Ярким примером бегства империализма от самого себя является многолетняя борьба правительственной историографии с эмигрантом В.Суворовым, который на протяжении многих лет популяризировал идею, что Россия не была невинной жертвой гитлеровской агрессии, а сама готовилась начать войну. Борьба заключалась, прежде всего, в том, чтобы исказить концепцию Суворова: якобы он утверждает, "что Советский Союз — самая агрессивная страна в мире… и что молодец спаситель Гитлер, нанесший превентивный удар по изготовившейся к бою колоссальной и страшной военной машине РККА" (Кутузов П. Запахи лондонской кухни // Родина — 1997. - № 7. — С. 57).
Вторая линия идеологической обороны — демонстрация неготовности России к войне: танков было недостаточно, качества они были скверного, размещены были неправильно, офицерский корпус был истреблён в ходе репрессий и т. п.

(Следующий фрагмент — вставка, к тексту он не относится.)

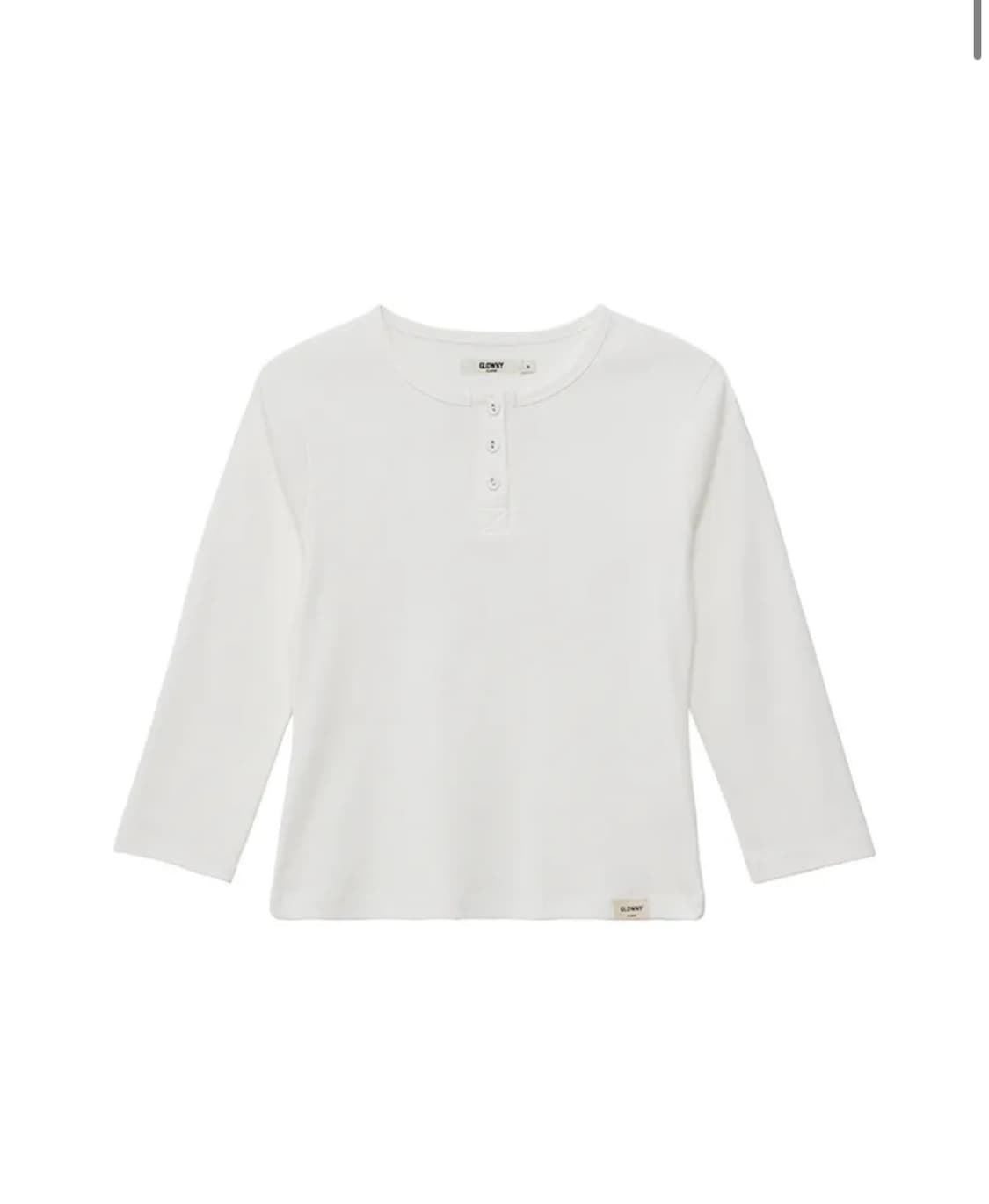 글로니 3/4 Button Fly Tee S 상품이미지1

Между тем, неготовность к войне на практике и готовность к войне как политическая воля, — явления абсолютно разные. Россия в 1930-е годы безусловно готовилась к войне, в том числе, к войне «превентивной» — то есть, агрессивной. Агрессивной была война с Финляндией. Другое дело, что русская армия оказалась не готова к этой войне и добилась победы ценой непропорциональных жертв. Так и к 1941 году русская армия оказалась плохо подготовлена не потому, что не готовилась, а потому что деспотизм губителен даже для армии. И до революции русская армия осуществляла свои завоевания ценой непропорциональных усилий, тем более — после. К началу войны русская армия имела более 22 тысяч танков, немецкая — менее 6 тысяч. Русские танки были худшего качества. Но это свидетельствует не о пацифизме империи, а о её иррациональности и бесчеловечности: она предпочитает экономить на пушках и тратить пушечное мясо.

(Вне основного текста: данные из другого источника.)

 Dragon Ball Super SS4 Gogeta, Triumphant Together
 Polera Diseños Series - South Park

Чекист Юрий Дроздов с 1979-го по 1991-й год он возглавлял Управление нелегальной разведки КГБ СССР, в качестве пенсиона получил финансирование некоего "аналитического центра", и в январе 2007 года заявил (в связи с антибританской истерикой Кремля), что Британия и США намерены разделить Россию между собой: с запада до Екатеринбурга — Англии, от Екатеринбурга до востока — США. Это заявление было озвучено правительственным агентством.

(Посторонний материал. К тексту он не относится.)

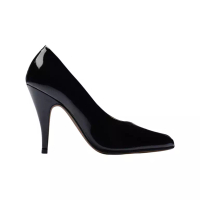 Maison Margiela [12.12 Dealcember] Tabi Patent Pointed Pumps Black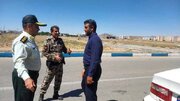بازدید از زمین‌های ملی تاکستان، آوج و آبگرم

МИЛИТАРИЗМ РАСХОДНЫЙ И МИЛИТАРИЗМ ДОХОДНЫЙ
Русские поместья исстари делились на доходные и расходные. У богачей большинство земель приносили доход, благодаря которому существовали такие роскошные и абсолютно расходные (сегодня бы сказали «затратные») усадьбы как Архангельское или Царицына. В определённом смысле, поскольку вся Россия принадлежала Кремлю, вся страна приносила доход, который тратился лихо и бессчётно.
Милитаризм расходен не только потому, что «пускает в расход» людей. Это позднее выражение. Милитаризм расходен, потому что основан на идее чести как материальной славы. Честь оружия проявляется прежде всего во внешнем. Милитарист тем славнее, чем больше убил людей, чем больше у него оружия, которым убивают людей, чем лучше украшено это оружие. Честь, к примеру, князя Святослава, отца Владимира Красное Солнышко, проявлялась в том, что награбленное (завоёванное в походах) золото и серебро он раздавал дружинникам. Объяснение было абсолютно рациональным: дружинники завоюют князю новое золото, а золото само по себе никого завоевать не может, золото и дружинников не приобретёт.